Mrinank Sharma was not an alarmist. He was a careful, credentialed researcher doing critical safety work at a company built on safety principles. His resignation letter is a fire alarm.

It’s tempting to dismiss it. The letter is vague. It’s philosophical and poetic rather than specific and accusatory. It doesn’t make concrete allegations. It might just be one person’s personal journey.

But that reading misses the pattern. Sharma is one of many safety researchers leaving top AI labs with concerns about values being overridden by commercial pressures. His warning echoes what Jan Leike said at OpenAI, what multiple xAI departures suggest, what Anthropic’s own internal surveys reveal.

The alarm isn’t coming from one person. It’s coming from multiple people, at multiple companies, consistently pointing to the same problem: It appears the race to deploy powerful AI is overriding safety considerations and values.
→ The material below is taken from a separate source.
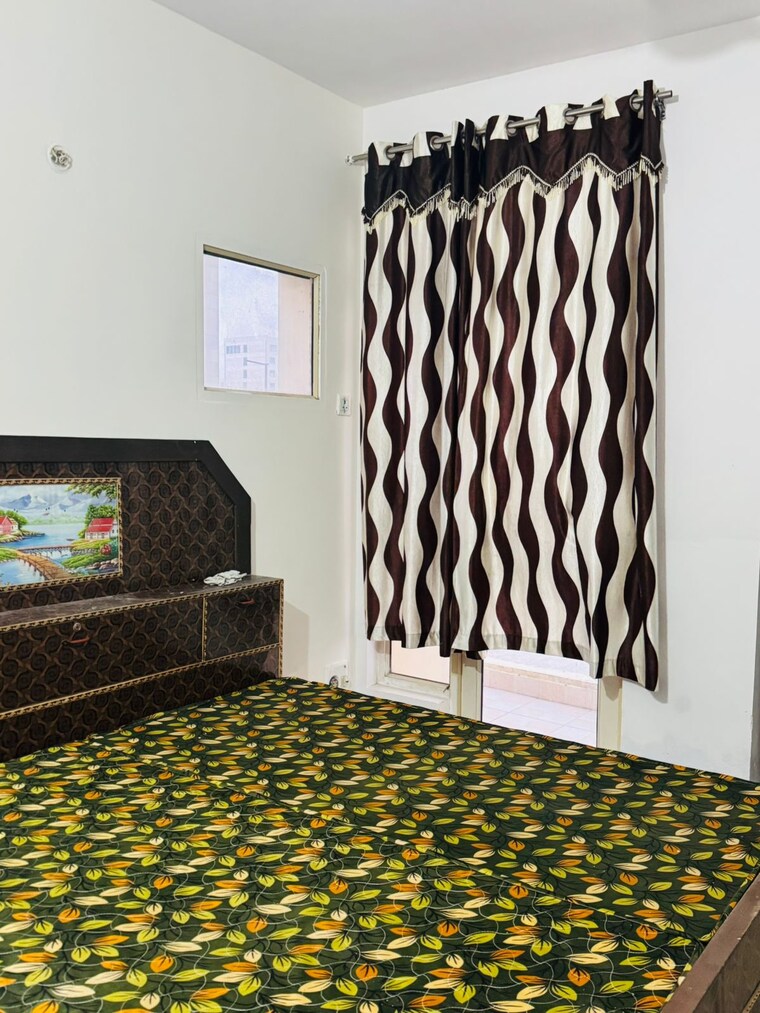 Bedroom, sushant golf city 2 Bedroom 844 Sq.Ft. Apartment In Sushant Golf City Lucknow 9718910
When the head of Anthropic’s Safeguards Research team says “the world is in peril” and points to pressures that make it hard to let values govern actions, we have two choices:

Assume he’s overreacting, being dramatic, or doesn’t understand the situation as well as the executives still at the company
Take seriously that someone with unique insider knowledge is warning us about dangers we can’t see from the outside

The prudent choice is clear.

The Broader Alarm

But Sharma’s departure isn’t just about Anthropic. It’s not even just about AI. It’s about what happens when our capacity for wisdom can’t keep pace with our capacity for power.
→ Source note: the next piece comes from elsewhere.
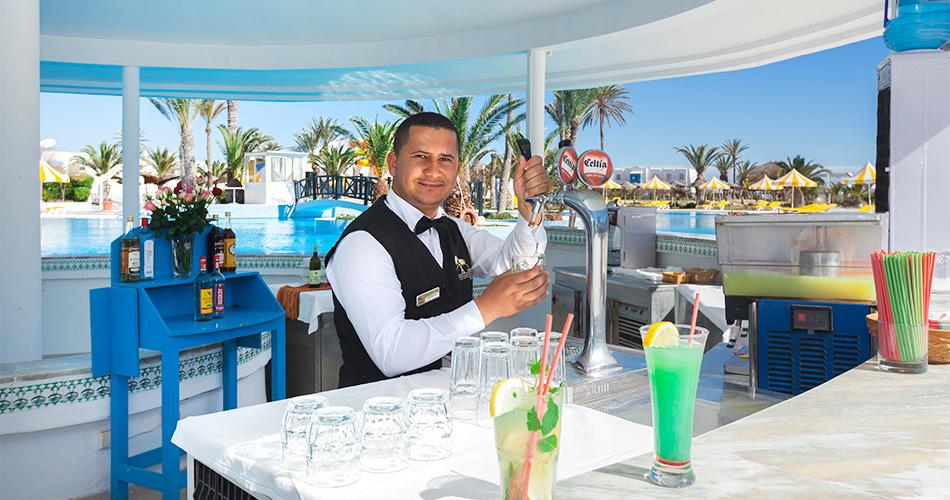 Holiday-Beach-Djerba-and-Aquapark-POOL-BAR-2019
We built nuclear weapons before we fully understood their ecological effects or developed adequate control systems. We launched social media before we understood its effects on democracy and mental health. We deployed surveillance capitalism before we grasped its implications for privacy and autonomy.

Now we’re deploying AI agents that can autonomously perform professional work, access sensitive files, coordinate in teams, and affect millions of lives and we’re doing it at commercial speed, under competitive pressure, with safety researchers walking away saying it’s too hard to let values govern actions.

The pattern repeats because the underlying dynamics remain: Innovation is rewarded immediately, consequences appear later. Deployment is easy, wisdom is hard. Speed wins markets, caution loses races.

Sharma is pointing at this pattern and saying: “We appear to be approaching a threshold where our wisdom must grow in equal measure to our capacity to affect the world, lest we face the consequences.”

He’s right. And he’s not the only one saying it.

The question is: Are we listening?

This content is for information and entertainment purposes only. It reflects personal opinions and does not constitute legal advice.